'''

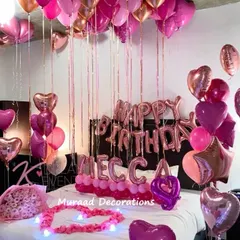 We can personalize your birthday surprise with a name and age, as seen in this vibrant pink and rose gold setup for Mecca's 4th birthday. The decor is complete with heart-shaped balloons and a heart made of lights.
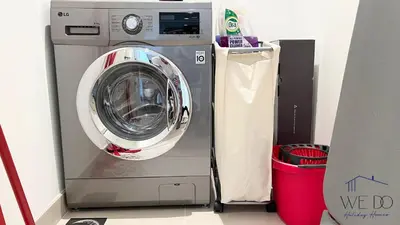 a washer and dryer in a room at Luxury Apartment in CREEK Harbour in Dubai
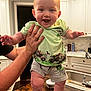 Chase is registered to the contest to win money with this photo: baby, child, smiling, happy, person, kitchen, cabinet, sink, countertop, clothing, shorts, tshirt, hand, table, wood, indoor, facial_expression, hair, holding, playful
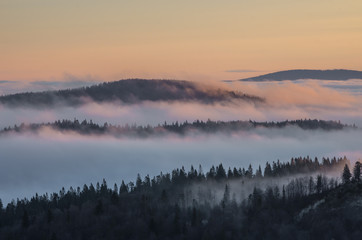 Carpathian mountains in the clouds, sunrise seen from Wysoka mountain in Pieniny, Poland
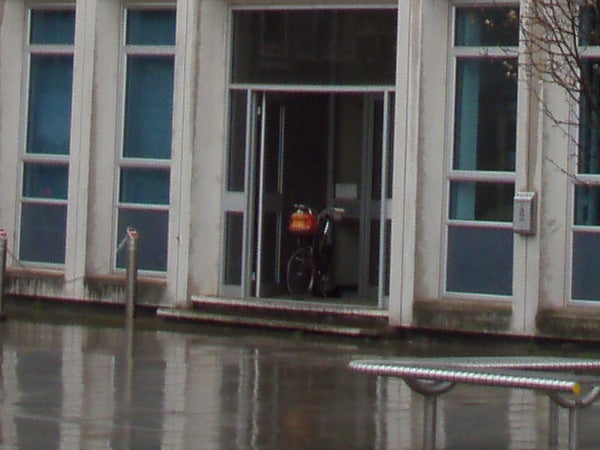 Image taken with Olympus mju 770 SW showing a wet urban scene with a bike parked in the entrance of a building during rain, reflecting the camera's waterproof capabilities.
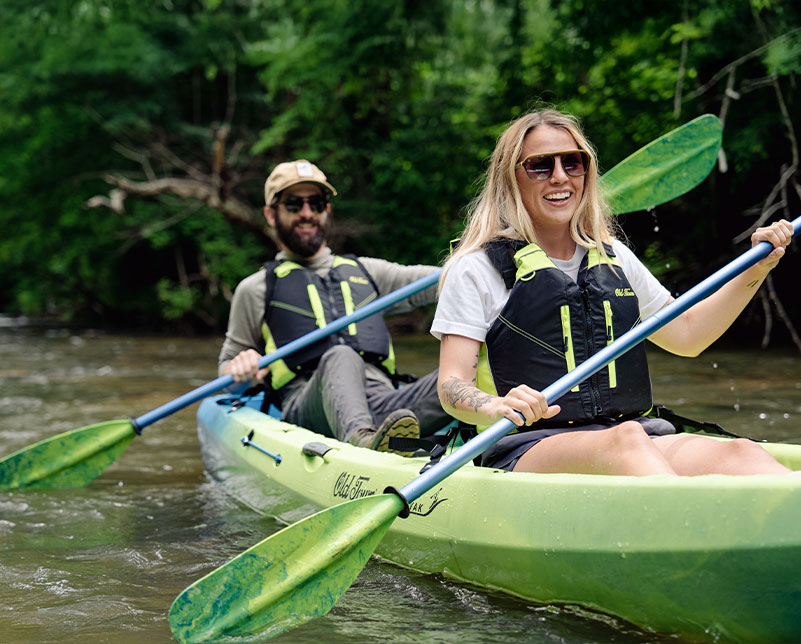 Couple in Old Town Ocean Kayak Malibu Two kayak paddling with Carlisle Magic paddles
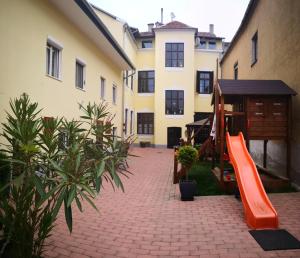 eine orangefarbene Rutsche im Innenhof eines Gebäudes in der Unterkunft Korzó Apartman in Kőszeg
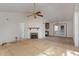 Open living space with vaulted ceiling and kitchen view at 210 Alfalfa Ct, Smithfield, NC 27577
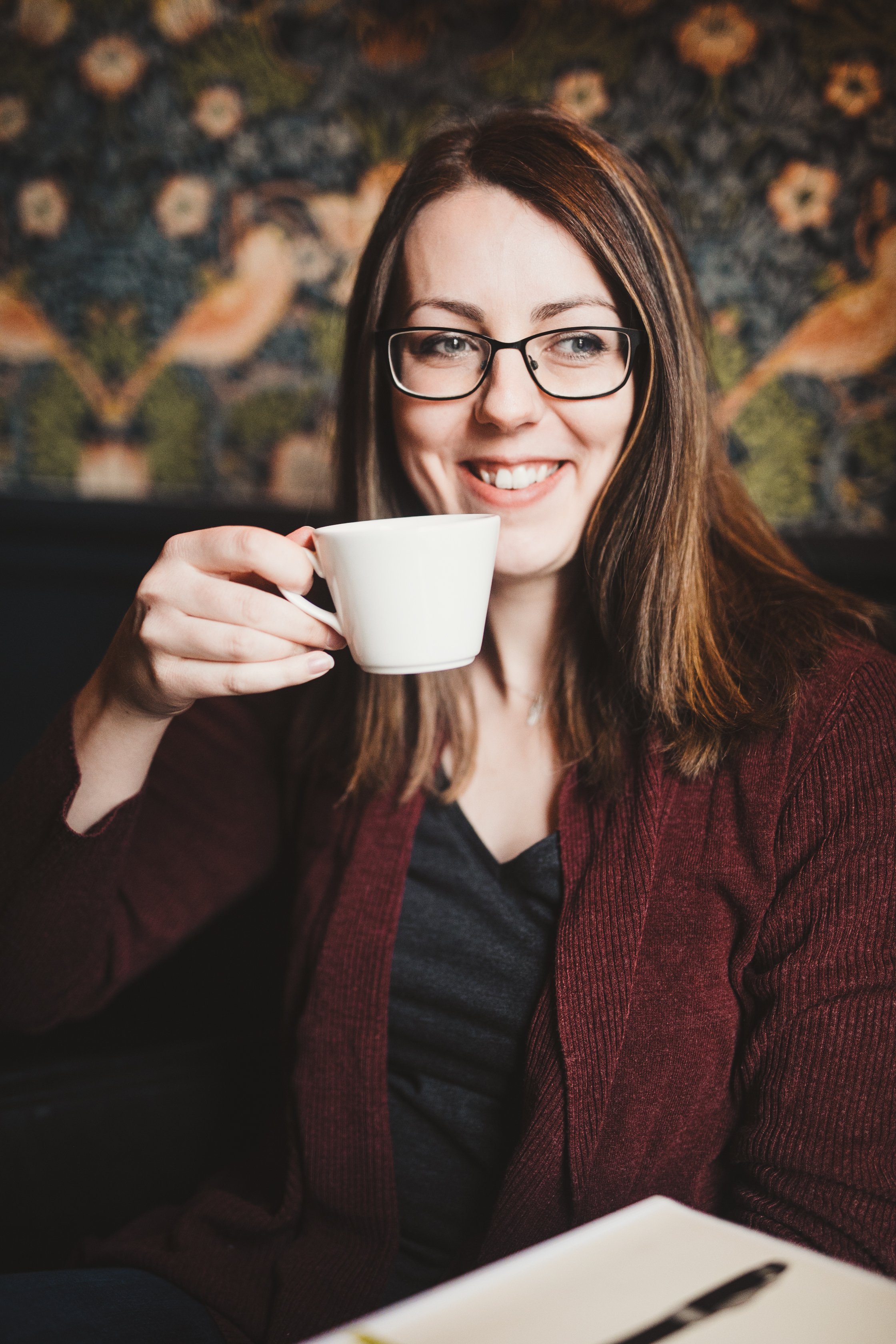 A woman with brown hair and glasses smiling and holding a white coffee cup in a cozy setting with a William Morris wallpaper background.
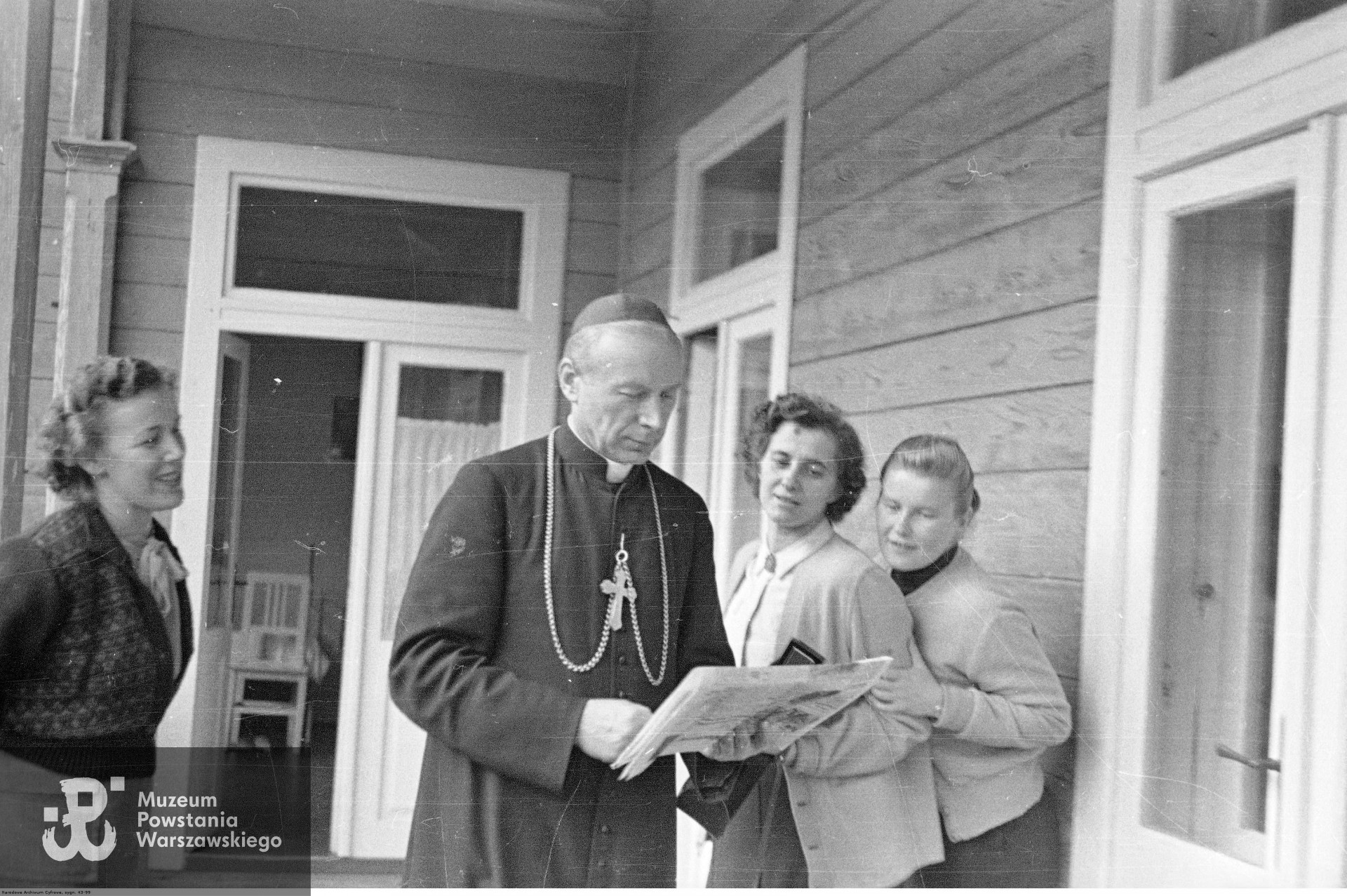 1956 rok. Ks. kard. Stefan Wyszyński   w towarzystwie siostrzenicy Danuty Marii Sułek (1. z lewej) oraz członkiń Instytutu Świeckiego Pomocnic Maryi Jasnogórskiej Matki Kościoła  - Marii Wantowskiej (1. z prawej) i Marii Okońskiej (2. z prawej) na werandzie domu SS. Nazaretanek. Fotografia wykonana  podczas internowania Prymasa w Komańczy. Fot. ze zbiorów Narodowego Archiwum Cyfrowego, zespół:Archiwum Fotograficzne Stanisława Porębskiego.  <i>audiovis.nac.gov.pl</i>
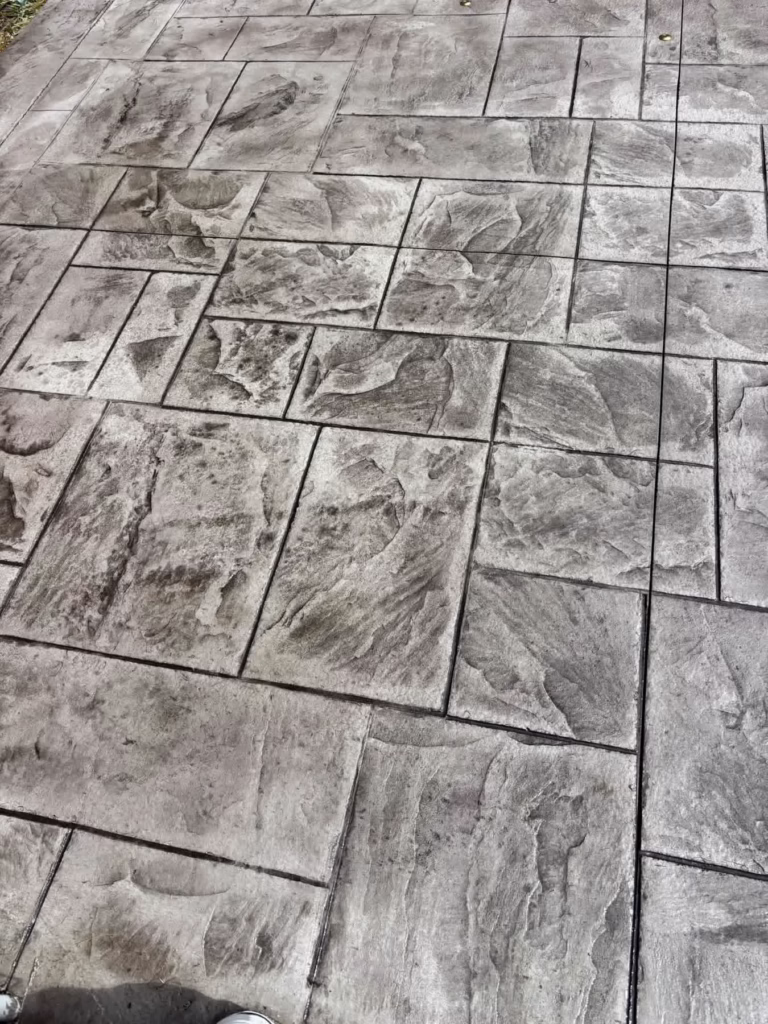 Close-up of stamped concrete pool deck texture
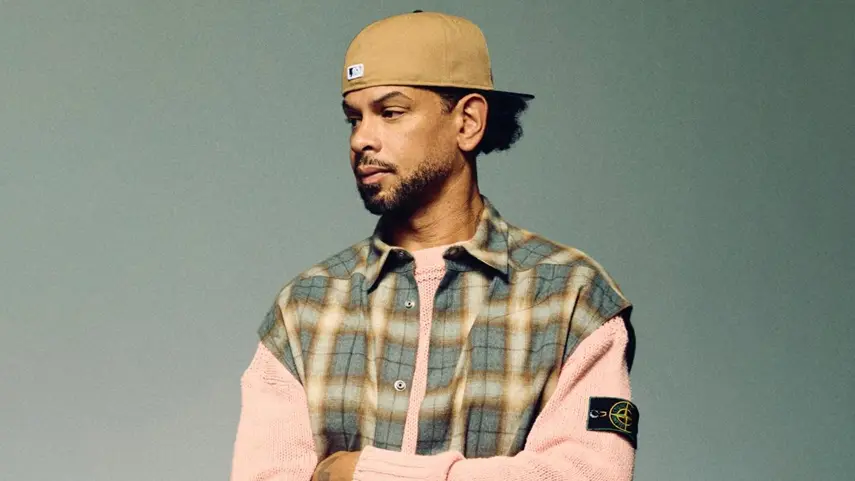 MK (Marc Kinchen) Serves Housey Vibes Through “Zone” House music producer MK (Marc Kinchen) looking to the side, wearing a tan baseball cap, a plaid vest over a pink knit sweater, posing against a solid grey background.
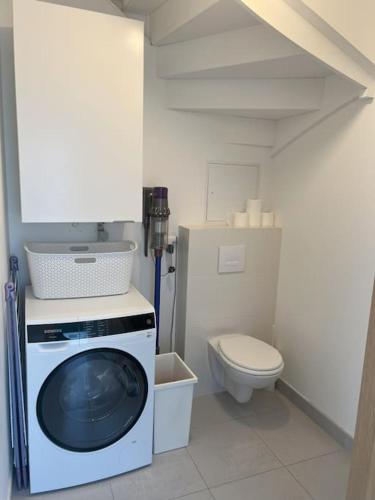 une salle de bain avec machine à laver et toilettes dans l'établissement Maison moderne à 25 minutes du centre Paris et JO 2024, à Eaubonne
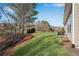 Lush backyard with healthy green lawn and tree line at 4410 Chaney Ct, Cumming, GA 30028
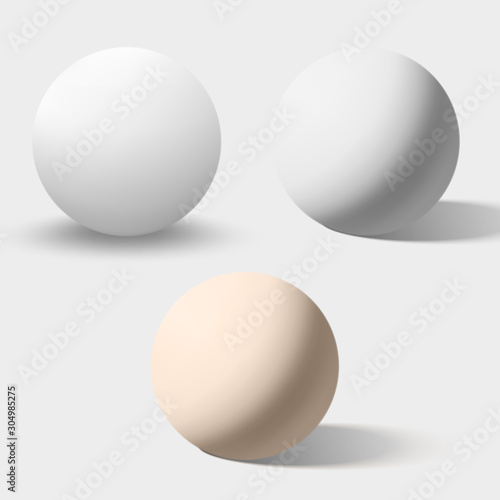 White and cream realistic spheres isolated on white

'''

» WORK INSTRUCTION: The copy should start at the line that contains "1956 rok. Ks.", end at the last line of the entries above, and match each line exactly, with pictures dropped.

» RESULT FOR THIS TASK:
 1956 rok. Ks. kard. Stefan Wyszyński   w towarzystwie siostrzenicy Danuty Marii Sułek (1. z lewej) oraz członkiń Instytutu Świeckiego Pomocnic Maryi Jasnogórskiej Matki Kościoła  - Marii Wantowskiej (1. z prawej) i Marii Okońskiej (2. z prawej) na werandzie domu SS. Nazaretanek. Fotografia wykonana  podczas internowania Prymasa w Komańczy. Fot. ze zbiorów Narodowego Archiwum Cyfrowego, zespół:Archiwum Fotograficzne Stanisława Porębskiego.  <i>audiovis.nac.gov.pl</i>
 Close-up of stamped concrete pool deck texture
 MK (Marc Kinchen) Serves Housey Vibes Through “Zone” House music producer MK (Marc Kinchen) looking to the side, wearing a tan baseball cap, a plaid vest over a pink knit sweater, posing against a solid grey background.
 une salle de bain avec machine à laver et toilettes dans l'établissement Maison moderne à 25 minutes du centre Paris et JO 2024, à Eaubonne
 Lush backyard with healthy green lawn and tree line at 4410 Chaney Ct, Cumming, GA 30028
 White and cream realistic spheres isolated on white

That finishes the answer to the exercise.